The Bolivian state has also taken over the natural resources such as the petroleum, hydrocarbons and the mining industry, as well as the telecommunication, electricity and transportation sectors. We have taken control of all the strategic places and from there, whatever resources are generated for the state are invested in roads, education, construction of schools, hospitals, communication centers, universities, etc.
We are confident that in the coming decades, because of these profound advances, Bolivia will be as developed as China or any other advanced country.
PD: What can you tell us about the upcoming presidential elections in Bolivia?
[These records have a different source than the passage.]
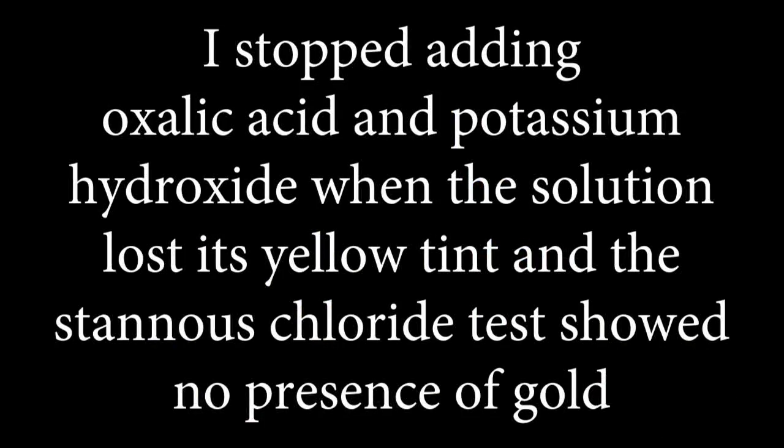I stopped adding oxalic acid and potassium hydroxide when the solution lost its yellow tint and the stannous chloride test showed no presence of gold.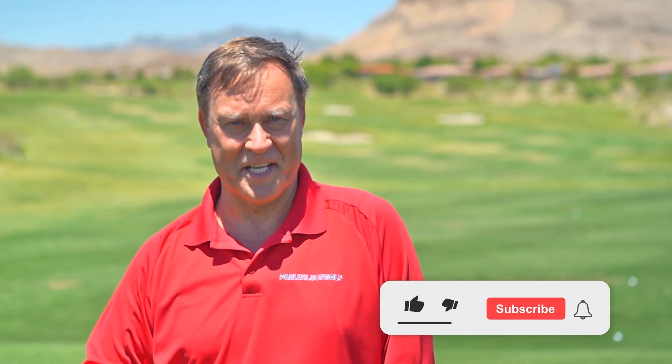Hi, I'm Paul Wilson, creator of the Body Swing and the director of the Paul Wilson Golf School at Bears Best Las Vegas. Here's another tip to help you with your game.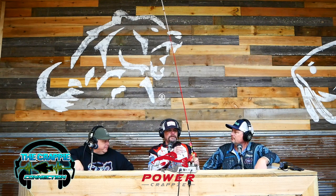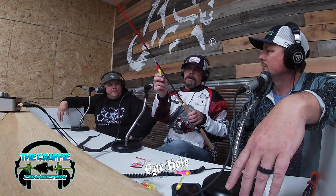What cork are you using there? This actually is a Still cork. Me and Barry Morrow helped them design that years ago when I was with Lindy. I still use them today even though I have nothing to do with this company. I like them because this one on there says a 16th — with a 16th-ounce head, this is neutral buoyancy. And it's balsa.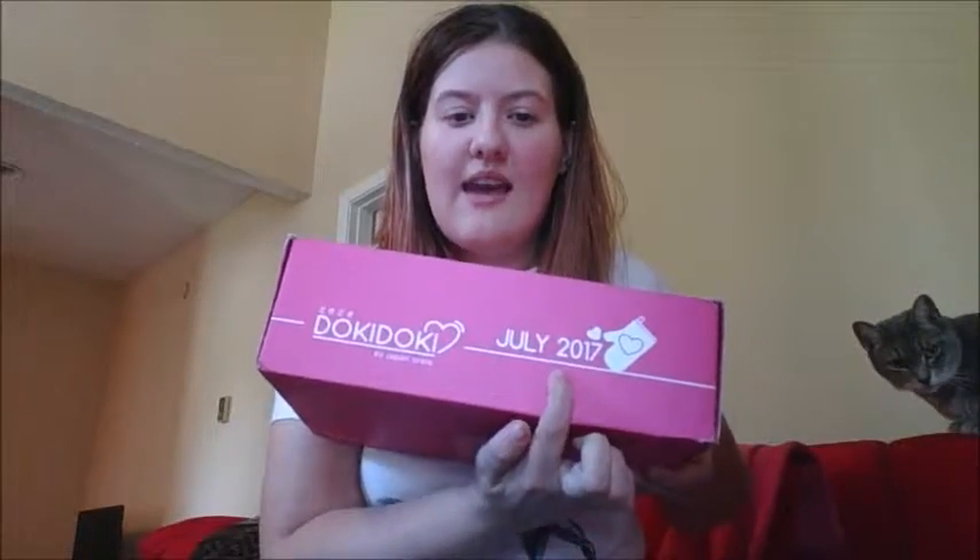Hello Lovelies! Back at it again with another video! Say hi Jennifer! Hi Jennifer! But yes, back at it again with another video! And we're doing Doki Doki! It's the July box and I'm very excited. So we're gonna get right into it.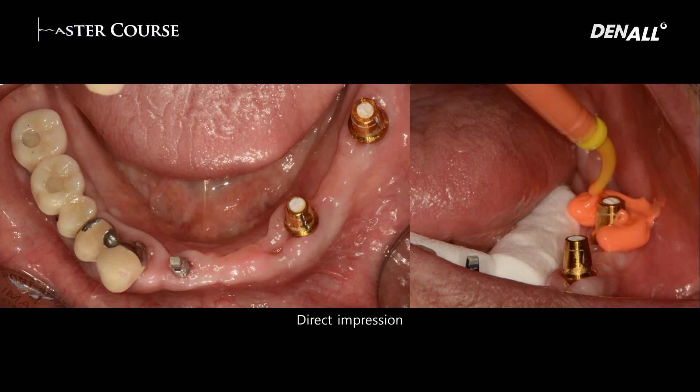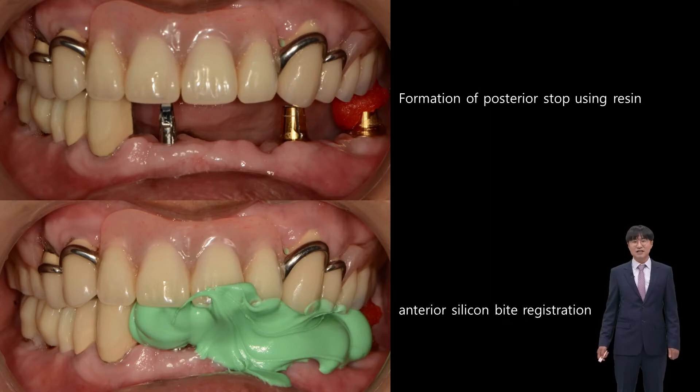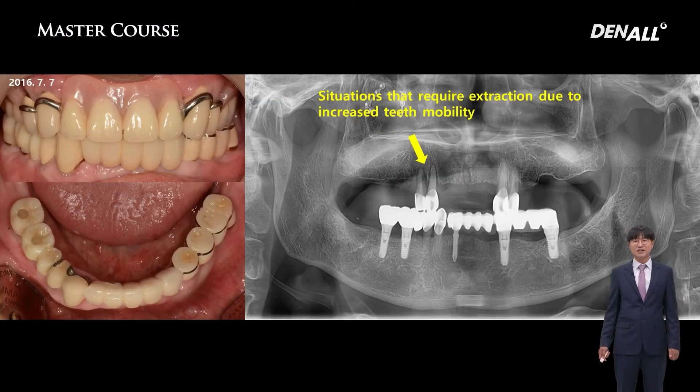With the abutments connected, the final impression was acquired. The abutments used for the temporary are also adopted for the final prosthesis. Using resin, a posterior stub was formed and an anterior silicone bite was taken. After restoration in the mandible, the patient wanted full mouth implant restoration. For the maxilla, I'll show you later.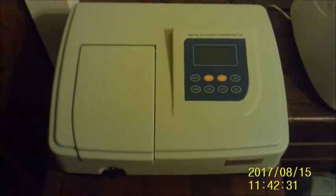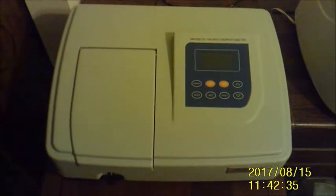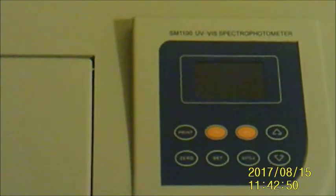Hello everyone. After testing the original spectrophotometer that I had, I discovered that it was a lemon. I couldn't set the wavelength on that machine, and so I sent it back to the company where I had originally bought it, and they sent me a newer model instead. This one works great and is able to do everything that I expect.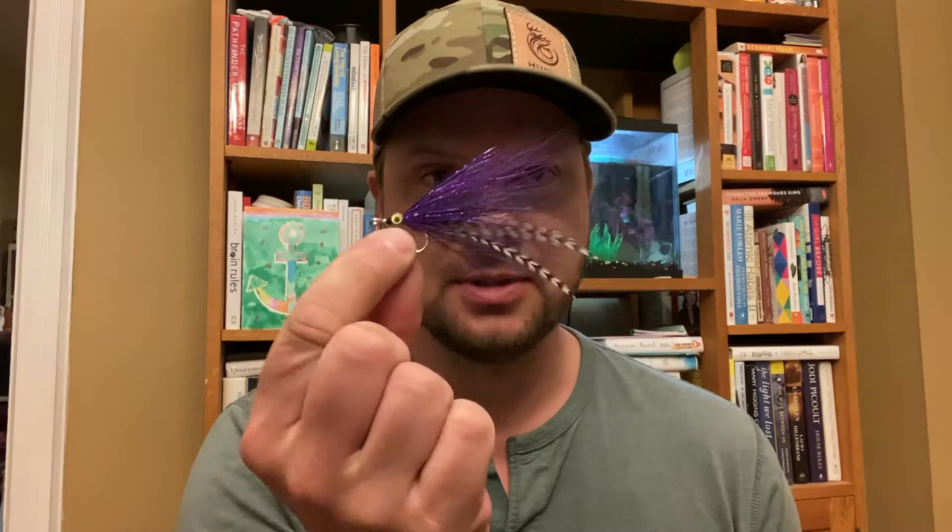Hey guys, some hero fish here. We're back at our little fly tying station making some more flies. Today we're going to make my favorite tarpon fly. I was just down in Florida for a few days and managed to hook up on nine juvenile tarpon and managed to land zero. Anyway, at least I hooked up and had some fun, so this was the fly that was doing the trick the whole time.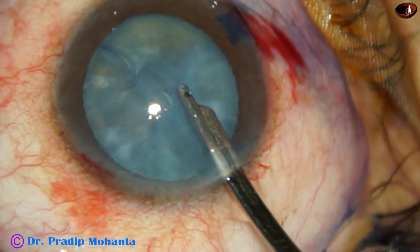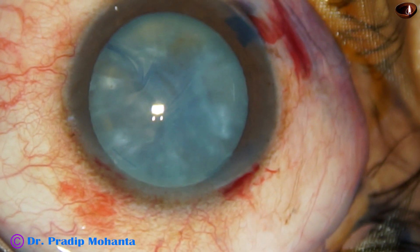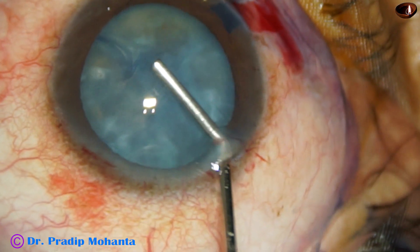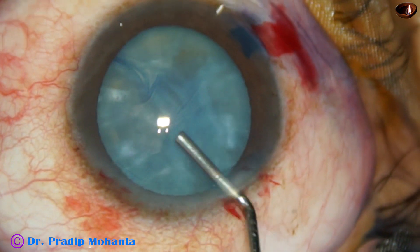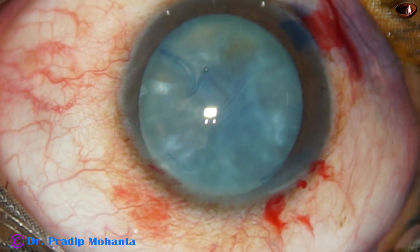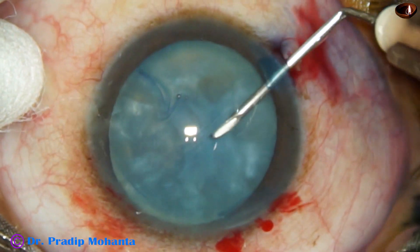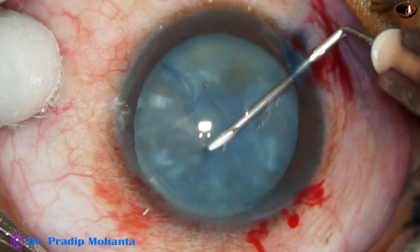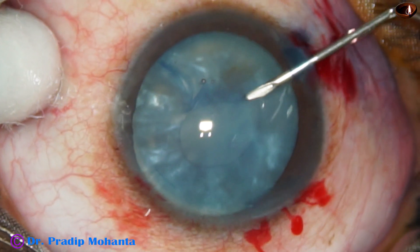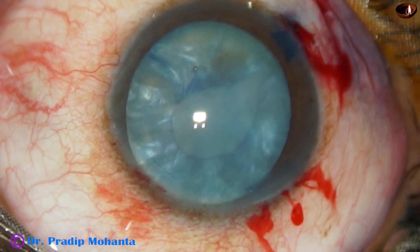Now the biggest challenge in this case is the capsulorhexis. The anterior chamber is filled up with a viscoelastic substance — this is 2% hydroxypropyl methyl cellulose — and now I am taking a 26-gauge bent needle. As I incise the anterior capsule, some fluid comes out. So this is an intumescent cataract with anterior capsular fibrosis.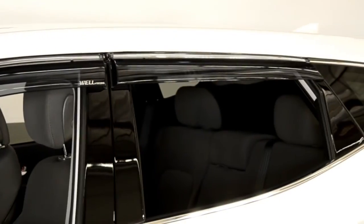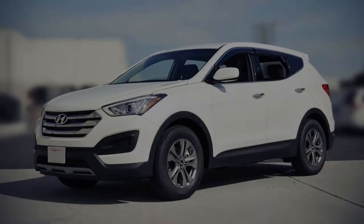After you have installed all the locking pins, follow the same procedures to install the visors on the other side of the vehicle.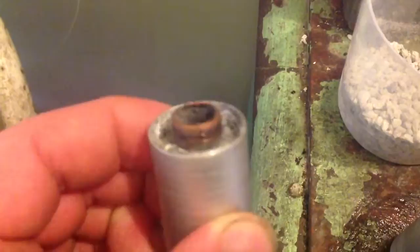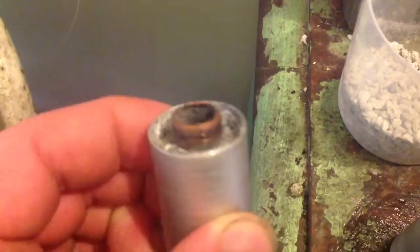When I put them together, this one got squashed and recessed just with the pressure, so that's sealed it up so tight. It squashed all the mixture to the back.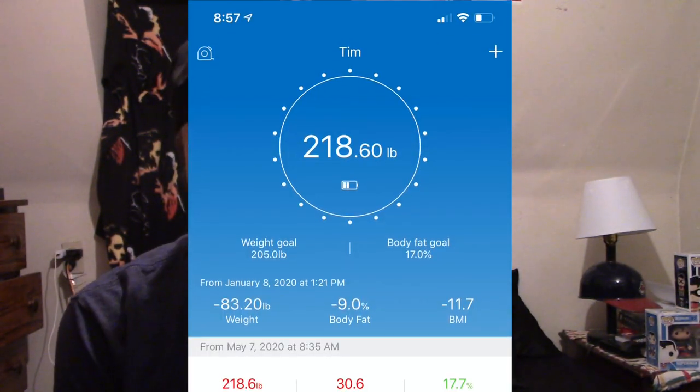Alright ladies and germs, welcome to this week's vlog. Let's do a quick weigh-in. We are at 218.6.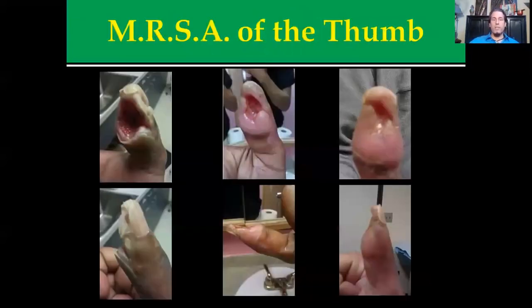Here's another case. This person cut their thumb in the kitchen, went to the hospital, got stitches, and got a good case of MRSA. You can see all the dead tissue starting to necrotize and get really unhealthy. They were looking to amputate this. Within a few weeks of the protocols, there was significant improvement — it actually saved the thumb.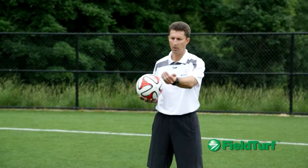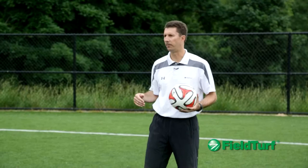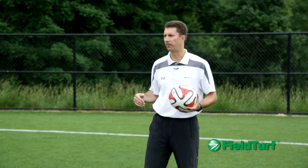Hi, I'm Mike Sorber with FieldTurf Academy and today's exercise is heading. So once I throw the ball, arms up, follow through, back up a couple steps, then come forward again so you get a little bit of momentum.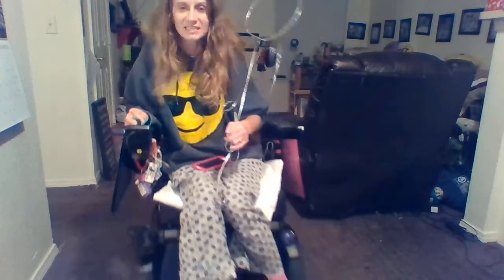Hey YouTube! I just felt like rambling and showing you guys what I'm working on.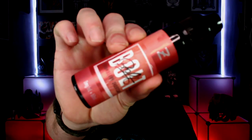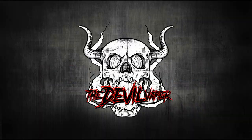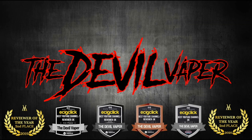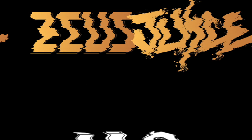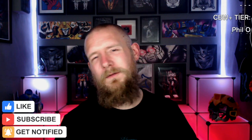Hello fellow vapers and welcome to Devil Vapor Reviews. It's time to review Bolt Strawberry Shortcake by Zeus Juice — one of 10 new flavours available in the Bolt range. They are 70-30 VG/PG and are priced at £8.99 for a short fill bottle.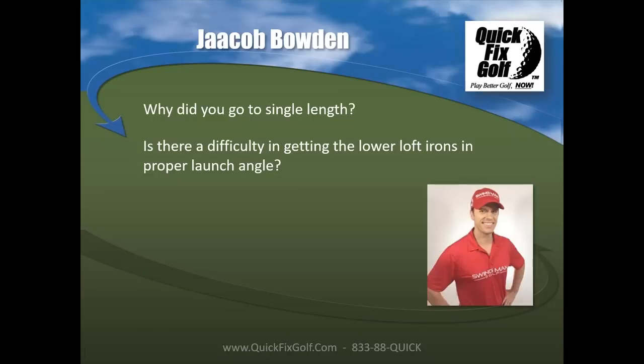To solve the distance gapping issue, Jacob and Tom pushed the lofts further apart: 60, 55, 50, 45, 40, 35, and then four-degree gaps of 31, 27, 23, 19 degrees. This ensures the average everyday golfer gets their expected distances through the set.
RMY: Sometimes, the set of rules of a state, in the name of democracy, places limits on a president even though his administration might have been good. For example, Evo Morales has been governing the country for 12 years and they did not want him to stand in elections again because of these constitutional limitations.
We, the indigenous people, peasants, social movements and people’s organizations, demanded that the rules be changed so that a president who does positive things for the benefit of the people, should continue. We believe that 12 years are not enough for profound changes to materialize. For this reason, we are re-nominating president Evo Morales for 2020-2025. On behalf of the party [Movement Towards Socialism-MAS], the nomination has already been registered with the electoral body.
The elections are a challenge. The Latin American continent is going through a very difficult and complicated situation, where the neoliberal and fascist model is ruling again. It has returned to power in Brazil, it is there in Argentina. Ecuador had a socialist leader but his successor is actually serving the capitalists. Venezuelan president Nicolás Maduro is suffering a brutal frontal attack. The big capitalists are attacking our presidents from popular backgrounds.
We are going through difficult times, and we are hoping that there is light at the end of the tunnel and that we will set an example for the world. Only by organizing ourselves and continuously resisting without arms will democracy triumph again. These are great challenges, but they can be defeated with unity that is rooted in the diversity of social movements. The secret is in absolute resistance. If we resist, we will win for sure. A new dawn will come. We hope that in the world and in the continent, progressive presidents come into power and work for the poor, who are the most neglected people on this planet Earth.